Just four months earlier, James Byrd Jr., a black man, was walking home along a road in Jasper, Texas. Three white men in a pickup truck—John William King, Lawrence Brewer, and Shawn Allen Berry—offered him a ride. The three men beat Byrd, chained him to the truck, and dragged him to his death.
These two horrifying cases did much to bring hate crimes to public attention, and to communicate a sense of urgency about the need to use the law to fight hate.
One would think, then, that the prosecutions of the Shepard and Byrd murderers under existing laws were inadequate. But the prosecutions were exemplary. Although Wyoming had no hate crimes statute, Henderson only avoided being charged with a capital crime because he plea-bargained for two consecutive natural-life terms, agreeing to testify against McKinney, who led the attack. McKinney’s case went to trial. Convicted of felony murder, kidnapping, and aggravated robbery, he also plea-bargained in the sentencing phase, agreeing never to appeal, never to speak to the press, and never to profit from his crime in exchange for not being put to death. He, too, was sentenced to two consecutive natural-life terms. The Shepard family had to approve both plea-bargains. Henderson and McKinney’s girlfriends were convicted of interfering with the investigation, because they knew of the crime after the fact but did not report it.
Texas also had no hate crimes statute, and the NAACP and other activist groups gave then-governor George W. Bush a very hard time because he refused to endorse one in the wake of the Byrd murder. But Bush was vindicated by the criminal justice system. King and Brewer, who both had longstanding ties to white supremacist groups, received the death penalty. Berry will be in prison for the rest of his natural life. Apparently the jury concluded that Berry’s lack of white supremacist associations made him less of a future danger to society, and future danger is a requirement under Texas’s capital punishment law (in other words, it was not their thoughts that counted against King and Brewer; it was a holistic assessment of the actual danger they represented). One does not have to support the death penalty to believe that the Shepard and Byrd murderers deserved the maximum available punishment in law.
Justice was served for both Matthew Shepard and James Byrd, even though the law was not mandated to take account of the motivating beliefs of the perpetrators. As Laramie prosecutor Cal Rerucha told potential jurors in the Matthew Shepard case, “Whether black or white, rich or poor, Catholic or Protestant, whether we have power or no power, whether we are straight or whether we are gay, we are equal because the Wyoming constitution tells us we are equal.” The jury, and the court, found accordingly.
Do the Matthew Shepard and James Byrd prosecutions uphold or detract from the argument for hate crimes laws?
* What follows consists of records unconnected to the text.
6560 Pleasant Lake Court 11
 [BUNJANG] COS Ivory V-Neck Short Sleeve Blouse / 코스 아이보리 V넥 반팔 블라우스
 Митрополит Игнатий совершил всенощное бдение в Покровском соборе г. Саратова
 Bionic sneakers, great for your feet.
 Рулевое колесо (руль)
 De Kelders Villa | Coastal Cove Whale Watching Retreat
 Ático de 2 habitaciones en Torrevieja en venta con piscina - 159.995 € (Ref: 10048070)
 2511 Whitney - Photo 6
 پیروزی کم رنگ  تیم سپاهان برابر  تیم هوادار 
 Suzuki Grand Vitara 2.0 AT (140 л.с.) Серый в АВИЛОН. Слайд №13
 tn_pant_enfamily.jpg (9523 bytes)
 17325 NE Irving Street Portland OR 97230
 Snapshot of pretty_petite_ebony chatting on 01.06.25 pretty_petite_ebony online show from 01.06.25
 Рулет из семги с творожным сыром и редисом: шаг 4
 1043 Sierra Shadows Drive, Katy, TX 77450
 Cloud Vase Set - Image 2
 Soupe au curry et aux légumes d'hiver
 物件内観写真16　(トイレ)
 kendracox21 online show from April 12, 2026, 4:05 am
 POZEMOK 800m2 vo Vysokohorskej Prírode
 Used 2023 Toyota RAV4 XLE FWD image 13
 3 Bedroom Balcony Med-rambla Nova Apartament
In the United States, hate crimes laws—laws that mandate extra penalties when specific types of animosity are a part of criminal motivation—originate in a challenge to the authority of the state itself, and date to Reconstruction, when Night Riders and unrepentant rebels terrorized freed blacks. The first federal hate crimes laws were promulgated in 1870. Sections 241 and 242, 18 United States Code, are directed against conspiracies to deprive blacks of their rights to freedom and equal protection of the law under the Thirteenth and Fourteenth Amendments. Section 242 specifically constrains law enforcement officials, prohibiting them from acting “under color of law” to target anyone on the basis of “being an alien, or by reason of his color, or race.” But they differ from modern hate crimes legislation in their primary focus on the deprivation of constitutional rights, rather than on the identity of the victim. Attacks on blacks were seen as a conspiracy against the Constitution. As indeed they were.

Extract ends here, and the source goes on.